My nose was running all night, and all morning too, but I got a substantial bit of writing done. (And, happily, Sangpo finally got the toilet in the house here fixed for real.) I decided to cut Alonzo completely, as he’s not integral to the plot, but we’ll see if there’s room, or a need for him later on (should I need to show more of post-collapse America from a crasher perspective, or should I find some comic relief is really necessary).

This afternoon I’m wandering around picking up supplies—I think I shall try stay in tomorrow all day just writing—and trying to get the whole conference section of the novel clear in my head. Synthia and Jin Hee have to be at certain places at certain times, and they have to have enough to chatter about for Dr. Baek to stumble onto a major discovery that’s so important the plot in the last part of the book turns on her reaction to it. So of course I’m a little blocked, needing fresh air anyway, and so I’m out and about in town.

For those inclined to worry, please don’t. I’ll pay more attention to the sawdust burner next time, and anyway, it’s not as bad as the smog in Old Delhi… Heh.

And for those who haven’t yet, and want to see, I have some older pics from this trip available on my Photo Blog. I also have a schwack of newer pics, spanning Koko’s birthday, a trip to Connaught Place and environs, and my time in Dharamsala so far, but I’m trying to organize the files so that my uploading process will be easy.

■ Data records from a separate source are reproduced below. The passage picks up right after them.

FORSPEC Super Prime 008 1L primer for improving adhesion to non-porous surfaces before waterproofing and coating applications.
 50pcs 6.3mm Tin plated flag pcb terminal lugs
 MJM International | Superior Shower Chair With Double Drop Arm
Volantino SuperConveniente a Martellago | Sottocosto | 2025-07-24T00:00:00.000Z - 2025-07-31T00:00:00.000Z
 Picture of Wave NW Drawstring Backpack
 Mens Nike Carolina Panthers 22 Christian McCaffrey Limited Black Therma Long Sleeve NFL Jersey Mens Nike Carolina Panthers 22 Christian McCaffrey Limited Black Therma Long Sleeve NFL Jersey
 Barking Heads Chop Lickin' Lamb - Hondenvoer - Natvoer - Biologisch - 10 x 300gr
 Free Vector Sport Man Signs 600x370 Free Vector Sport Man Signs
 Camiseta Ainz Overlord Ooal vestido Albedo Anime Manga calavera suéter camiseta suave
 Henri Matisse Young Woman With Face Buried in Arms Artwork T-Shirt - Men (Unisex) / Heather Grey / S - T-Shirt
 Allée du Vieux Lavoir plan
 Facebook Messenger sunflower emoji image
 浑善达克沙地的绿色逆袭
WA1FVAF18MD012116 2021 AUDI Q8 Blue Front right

Maybe in the next day or two I’ll come into town with my laptop, backup my writing and upload the new pics.

One thought on “Cold and Smoky and Lightless and But Quite Miserable (And Most Decidedly Not Dead, By Some Strange Stroke of Luck)

  1. Dear Gord….Hilarious to hear your trials and tribulations of winter in my home!!! Nice to hear there is snow…essential for a decent spring. Talking of springs I admire the one on the way to town every time we pass. Oh and the goat herder…beware…he has a reputation for hassling people for money…especially if they take photos…I was rescued by a maori woman the time he hassled me. The saw dust burner….well what can I say….there is a nack to it…but that was jonathans dept. so I have no suggestions except to light it often….and get to know it intimately!
    Glad to hear sala and sangpo are looking after you well.
    Yes dharamsala is a mad little town, but I like the winter there….you really get to see the mountains at there grandest and the air is clean and clear.
    I do hope the days of darkness help your character building.